Para responder a isso, os pesquisadores desenharam um experimento de vários anos que envolvia uma técnica chamada criação cruzada (cross-fostering). Na primeira fase, eles observaram um grupo de aves onde a mãe biológica também criava seus próprios jovens, tal como acontece na natureza. Nestas condições naturais, encontraram um padrão claro: filhas de mães agressivas tinham mais do que o dobro de probabilidade de se tornarem mães agressivas em comparação com filhas de mães não agressivas. Isso confirmou que o comportamento de fato corre nas famílias, mas não revelou o mecanismo. Eram os genes, o ambiente pré-natal ou a criação? Para descobrir, a equipe passou para a próxima fase, onde pegaram ninhadas inteiras de ovos de uma mãe e as entregaram a uma mãe diferente e não relacionada para criá-las. Isso permitiu separar a mãe biológica, que forneceu os genes e o ambiente do ovo, da mãe de criação, que forneceu o cuidado e o ambiente pós-eclosão.

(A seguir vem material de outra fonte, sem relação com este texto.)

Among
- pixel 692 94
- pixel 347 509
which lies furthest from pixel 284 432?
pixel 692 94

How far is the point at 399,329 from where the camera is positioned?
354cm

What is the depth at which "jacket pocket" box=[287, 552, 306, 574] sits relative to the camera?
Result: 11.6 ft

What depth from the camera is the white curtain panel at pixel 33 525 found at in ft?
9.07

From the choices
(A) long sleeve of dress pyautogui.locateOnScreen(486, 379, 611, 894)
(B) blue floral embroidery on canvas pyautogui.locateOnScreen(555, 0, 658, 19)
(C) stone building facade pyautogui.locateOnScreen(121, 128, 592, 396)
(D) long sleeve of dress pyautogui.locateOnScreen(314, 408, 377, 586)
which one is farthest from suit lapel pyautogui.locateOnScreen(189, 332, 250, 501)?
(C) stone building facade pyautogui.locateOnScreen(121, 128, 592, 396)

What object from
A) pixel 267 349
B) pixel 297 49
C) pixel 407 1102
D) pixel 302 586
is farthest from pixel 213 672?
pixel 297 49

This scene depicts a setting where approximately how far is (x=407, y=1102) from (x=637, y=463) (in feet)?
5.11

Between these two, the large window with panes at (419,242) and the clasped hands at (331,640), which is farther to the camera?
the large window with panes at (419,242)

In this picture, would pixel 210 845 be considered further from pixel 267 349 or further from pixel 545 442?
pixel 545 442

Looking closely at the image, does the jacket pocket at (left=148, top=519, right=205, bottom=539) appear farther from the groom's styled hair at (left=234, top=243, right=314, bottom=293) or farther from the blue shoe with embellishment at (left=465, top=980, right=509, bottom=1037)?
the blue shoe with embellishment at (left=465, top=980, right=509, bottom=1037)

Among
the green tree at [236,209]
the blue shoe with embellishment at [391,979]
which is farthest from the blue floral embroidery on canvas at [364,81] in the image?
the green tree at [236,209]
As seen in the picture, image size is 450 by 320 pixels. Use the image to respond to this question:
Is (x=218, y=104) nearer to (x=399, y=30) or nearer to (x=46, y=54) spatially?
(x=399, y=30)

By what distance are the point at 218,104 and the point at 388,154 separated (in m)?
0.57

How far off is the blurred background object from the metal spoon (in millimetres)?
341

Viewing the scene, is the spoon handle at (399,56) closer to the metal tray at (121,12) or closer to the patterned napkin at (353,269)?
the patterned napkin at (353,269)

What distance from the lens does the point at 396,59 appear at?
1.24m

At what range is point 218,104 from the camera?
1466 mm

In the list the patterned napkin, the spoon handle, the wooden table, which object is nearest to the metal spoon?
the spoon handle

Os resultados desta separação foram surpreendentes. Quando os pesquisadores observaram as filhas criadas por mães de criação, nem o comportamento da mãe biológica nem o comportamento da mãe de criação podiam prever se a filha se tornaria agressiva. Uma filha nascida de uma mãe biológica agressiva, mas criada por uma mãe de criação calma, não se tornou agressiva. Inversamente, uma filha nascida de uma mãe biológica calma, mas criada por uma mãe de criação agressiva, também não se tornou agressiva. Mesmo quando uma filha foi exposta à agressão tanto de sua mãe biológica quanto de sua mãe de criação, ela não apresentou agressão materna como mãe. Isso sugere que nem a genética nem a criação pós-natal sozinhas são suficientes para transmitir este tipo específico de agressão.

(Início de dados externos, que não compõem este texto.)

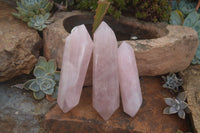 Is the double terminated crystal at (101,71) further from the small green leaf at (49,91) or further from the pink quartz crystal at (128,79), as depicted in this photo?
the small green leaf at (49,91)

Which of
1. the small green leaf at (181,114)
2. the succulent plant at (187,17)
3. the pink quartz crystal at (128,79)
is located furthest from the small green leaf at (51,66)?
the succulent plant at (187,17)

O estudo aponta para uma exigência mais complexa para que o comportamento seja transmitido. A transmissão da agressão materna só parecia funcionar quando a mãe biológica e a mãe de criação eram o mesmo indivíduo. Parece que o comportamento não é um traço fixo carregado pelos genes ou aprendido apenas pela observação, mas algo que emerge da interação específica e direta entre a mãe e o filhote particular que ela está criando. Os pesquisadores propõem que o comportamento pode depender de uma relação dinâmica onde os traços da mãe e as respostas do filhote se alinham de uma forma que é quebrada quando o par é separado. Em outras palavras, a "agressão" não é apenas uma propriedade da mãe ou da filha, mas um produto da parceria específica de ambas.

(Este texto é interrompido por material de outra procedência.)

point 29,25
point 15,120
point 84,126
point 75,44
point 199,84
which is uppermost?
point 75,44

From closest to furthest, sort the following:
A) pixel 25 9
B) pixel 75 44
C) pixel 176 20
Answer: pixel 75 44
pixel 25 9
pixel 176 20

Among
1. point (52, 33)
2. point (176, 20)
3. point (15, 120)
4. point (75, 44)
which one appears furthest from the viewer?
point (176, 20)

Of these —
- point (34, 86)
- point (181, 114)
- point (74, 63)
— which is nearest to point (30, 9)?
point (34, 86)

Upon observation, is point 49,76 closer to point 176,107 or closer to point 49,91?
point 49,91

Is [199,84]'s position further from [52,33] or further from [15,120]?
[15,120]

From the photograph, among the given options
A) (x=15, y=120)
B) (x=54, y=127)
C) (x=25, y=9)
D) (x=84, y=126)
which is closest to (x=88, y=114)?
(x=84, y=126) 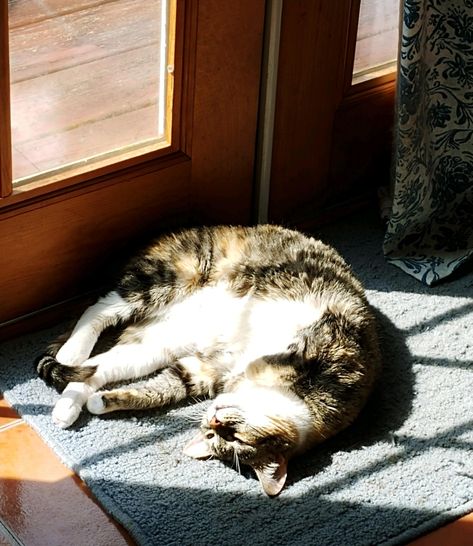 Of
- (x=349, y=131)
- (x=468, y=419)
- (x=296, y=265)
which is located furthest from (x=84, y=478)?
(x=349, y=131)

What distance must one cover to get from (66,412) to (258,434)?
0.40 metres

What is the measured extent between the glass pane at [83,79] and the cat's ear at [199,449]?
676mm

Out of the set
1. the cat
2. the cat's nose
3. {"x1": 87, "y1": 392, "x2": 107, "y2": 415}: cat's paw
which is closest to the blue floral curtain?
the cat

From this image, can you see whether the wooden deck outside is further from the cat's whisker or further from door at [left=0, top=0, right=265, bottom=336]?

Esta descoberta desafia a ideia simples de que mães agressivas simplesmente passam adiante um "gene ruim" ou um "mau hábito". Em vez disso, sugere que o comportamento é dependente do contexto, surgindo apenas quando os sinais pré-natais e o cuidado pós-natal vêm da mesma fonte. O estudo também observou que as fêmeas individuais de canário não eram consistentes em seu comportamento; uma mãe que era agressiva em uma temporada de reprodução poderia ser calma na seguinte, especialmente se as condições de sua tentativa de reprodução mudassem. Esta variabilidade apoia ainda mais a ideia de que o comportamento é uma resposta flexível à situação imediata, em vez de um instinto rígido e imutável. Ao mostrar que o comportamento desaparece quando o elo mãe-filha é quebrado, a pesquisa destaca que alguns traços não são apenas herdados ou aprendidos, mas são criados através da conexão única e irrepetível entre um progenitor e seu filho.